## Task instructions
In the data below, repeat the line containing "Arvbitana Women Solid" and every following line exactly, up to and including the last line. Exclude pictures.

(Recorded information)

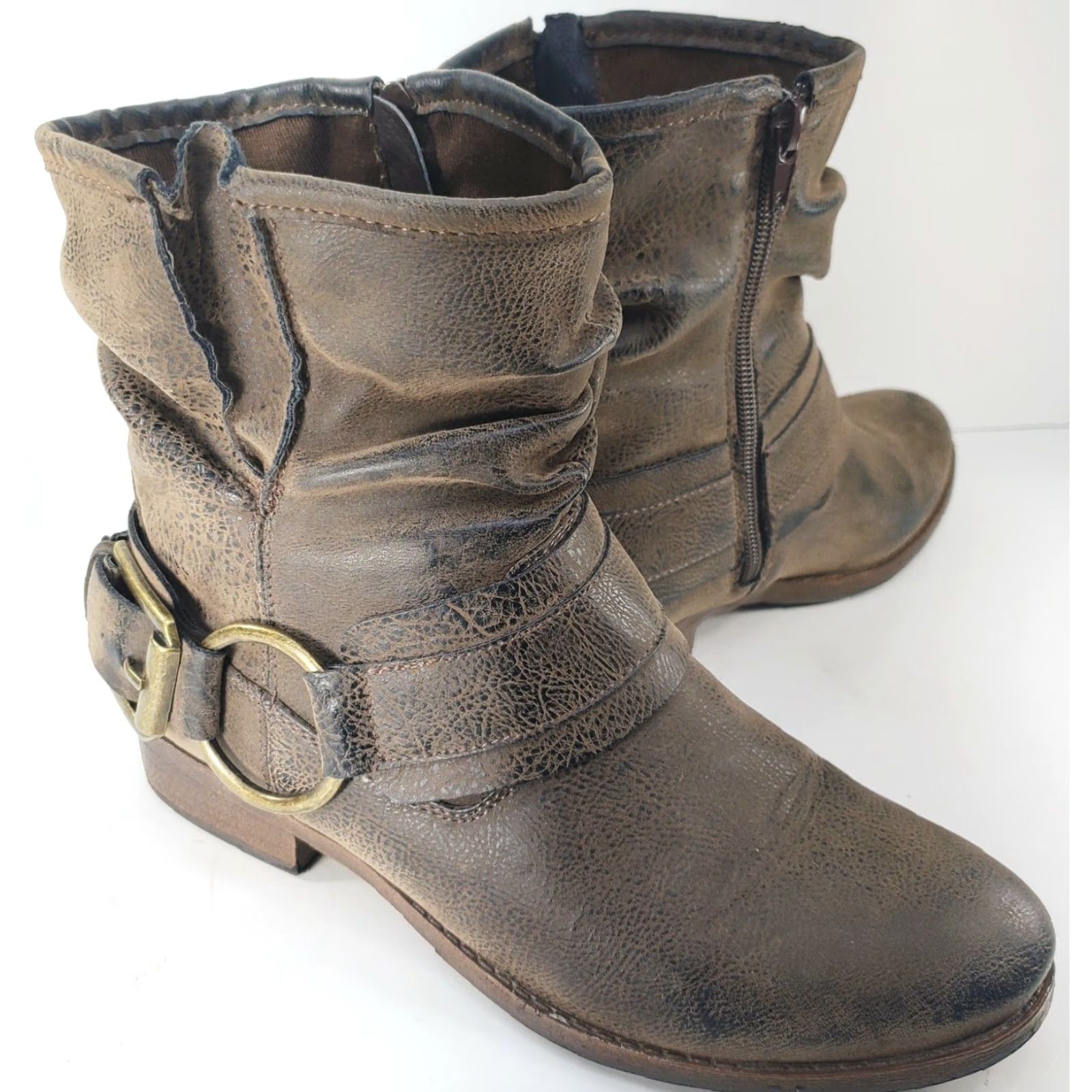 Vintage Crown Vintage Beauty Harness Slouch Boots Distressed Brown Women's Size 7.5M Side Zip Buckle Harness Mid-Calf Boots Size US 8 / IT 38 - 2 Thumbnail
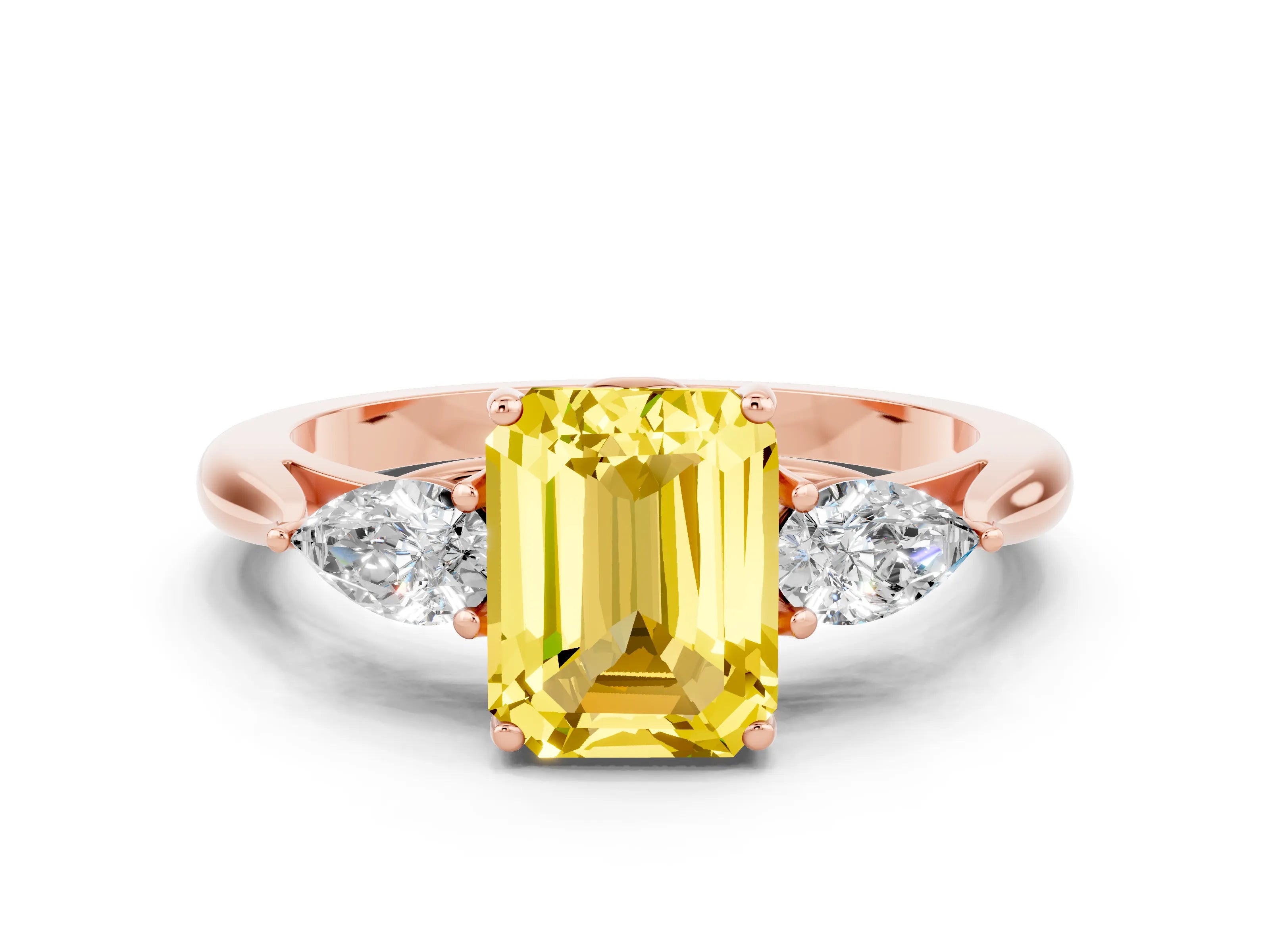 Rose gold Emerald Cut Yellow Sapphire Three-Stone Ring with Pear Side Stones and Four-Prong Setting_12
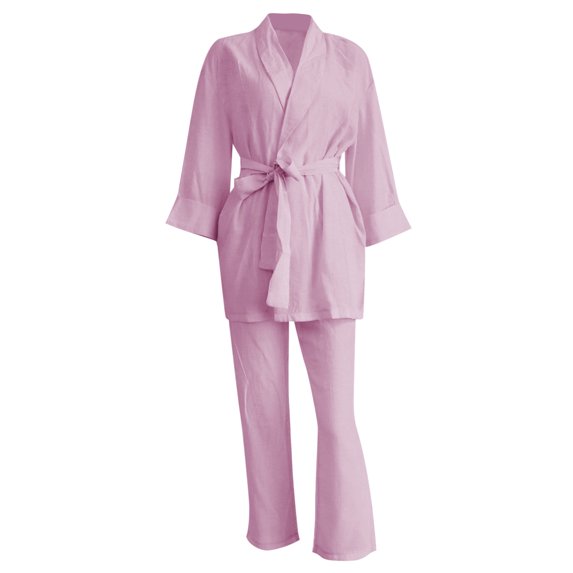 Arvbitana Women Solid Color Pajamas Set Long Sleeve Lapel Cardigans + Drawstring Pants Spring Autumn Sleepwear Outfit Casual Simple Homewear for Ladies 2Pcs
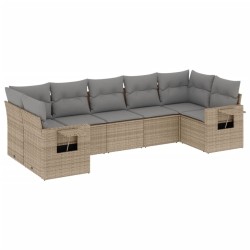 Salon de jardin avec coussins 7 pcs beige résine tressée 530016530016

(End Recorded information)

## Answer to the problem
 Arvbitana Women Solid Color Pajamas Set Long Sleeve Lapel Cardigans + Drawstring Pants Spring Autumn Sleepwear Outfit Casual Simple Homewear for Ladies 2Pcs
 Salon de jardin avec coussins 7 pcs beige résine tressée 530016530016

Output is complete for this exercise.